Limerence is still a fairly marginal term. Albert Wakin, a psychology professor at Sacred Heart University in Connecticut, has done some work to define limerence as a disorder. He was a colleague of Dorothy Tennov, the author of the 1979 bestseller Love and Limerence — which as you pointed out emphasized that limerence was a natural part of love that many people experienced. It’s that obsessive, can’t-think-of-anything else thing that can be a part of a new romance, a component of a can’t-let-go breakup, or an unrequited love. Wakin allows that for a certain period of time limerence might be normal — like the first six months of a passionate new relationship. But if the feelings continue to be obsessive, there’s a problem. Wakin sees it as a “variant of love” with elements of obsessive-compulsive disorder and addiction. The problem is certainly exacerbated after a breakup or in unrequited love. The person you need so much isn’t yours anymore. Wakin’s ultimate goal is to make limerence an official diagnosis, the kind of thing health care professions can assess, develop appropriate treatment protocols for (including, potentially, medication such as SSRIs), and do insurance coding for.

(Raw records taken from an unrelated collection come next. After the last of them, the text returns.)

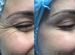 Ботулотоксин/Ботокс(botox) /Ботулинотерапия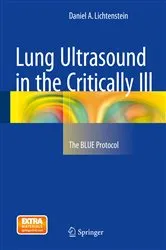 Book cover of Lung Ultrasound in the Critically Ill by Daniel A. Lichtenstein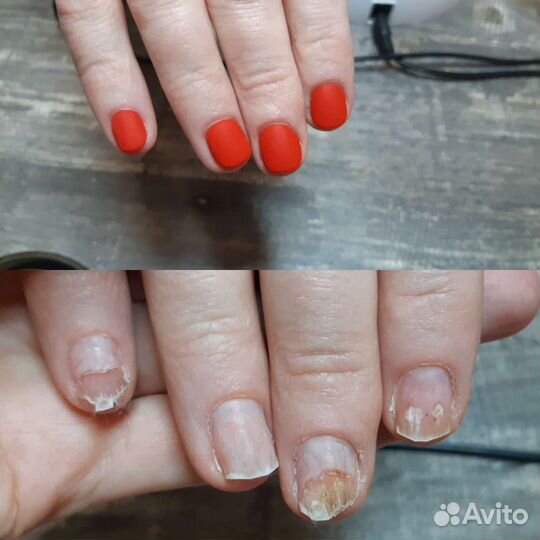 Подолог. Работа со сложными стопами и ногтями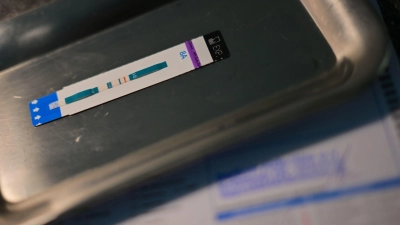 HIV-Diagnosen werden oft erst Jahre nach der Infektion gestellt. (Symbolbild) (Foto: Sebastian Gollnow/dpa)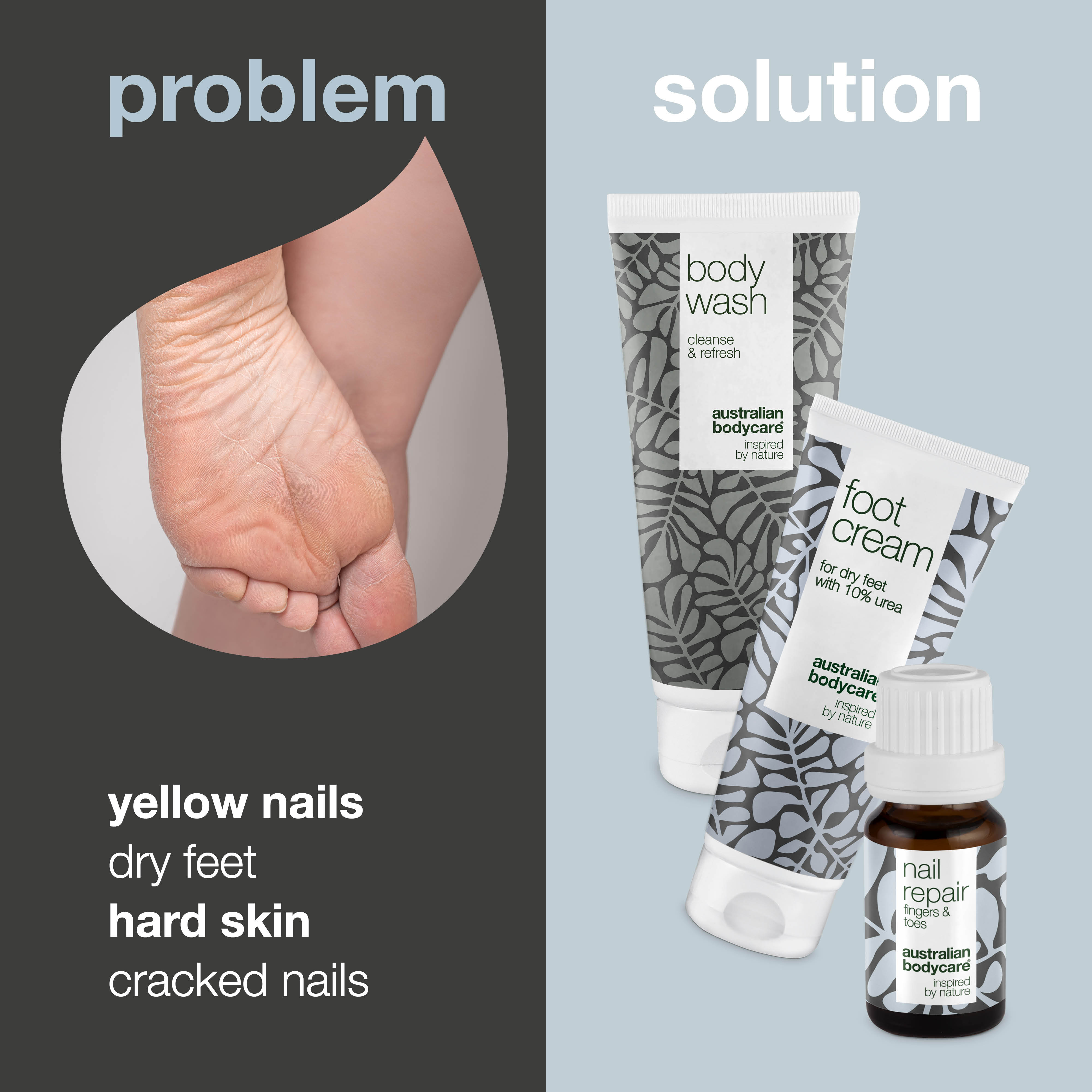 Footcare kit — 3 products for daily foot care of dry feet and yellow nails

I think this step has some positive aspects. Sometimes you’ve just got to make the feelings stop, particularly if they’re becoming self-destructive, aggressive, or you’re violating the other person’s life, as in stalking situations. But I also worry about what happens in our society once we see as varied and potentially fruitful a situation as obsessive love be reduced to a diagnosis. We get dismissive. My daughter, who’s eleven, does this with her classmates at school. She’ll speculate on who has ADHD as opposed to considering what might be going on in the kid’s life or why school is so hard for some kids. Maybe there are valid reasons why the kid has trouble sitting still all day. In a similar way, I think obsessive love forces us to reckon with ourselves and why we’re feeling what we’re feeling. A diagnosis and a pill won’t necessarily encourage us to do that — even if we sometimes need that pill.
Romantic obsession or infatuation may stem from an emotional place, but it certainly feels physical, too. You detail the dramatic shifts in brain function when we are in love or when our love isn't returned. How can recognizing that infatuation is indeed a physical experience help us in our journey to get to an emotionally, mentally and physically healthier place?
Passionate love is basically an addiction. It hits many of the same brain areas and has many of the same symptoms: obsession, craving, mood swings. As Helen Fisher put it, love is a great addiction when it’s going well and a terrible addiction when it isn’t.
So when you’re in that “terrible addiction” state, you can use some of the same tactics addicts use. You do other healthy addictive things, like exercise. You nurture the human need for social attachments by seeking out friends and other supportive people. It’s not the same thrill as romantic love but it can do a lot to make the love cravings less intense. I am a big fan of the power of novelty in friendships — new, intriguing people, or new experiences with trusted friends, can give that nice magical charge to your life without being a replacement romance. Anyone who’s gotten a platonic crush on a dynamic new co-worker or had an illuminating conversation on the train with someone intriguing has a sense of what I’m talking about — it’s a romantic feeling without being a romance.
Above all, if you’re in terrible love addiction, you’ve got to cut yourself off from the person you’re addicted to. Unfollow, unfriend. Put away the photos. Don’t fool yourself into thinking you can have a nice, platonic lunch next week. End all contact and don’t worry about whether or when you can see the person again. If the person is hurt, just explain it’s what you need to do to take care of yourself. I will always be grateful for the day my unrequited love finally said to me, “We can never speak again” and hung up the phone. I listened to him. I left him alone and that began the end of my obsession.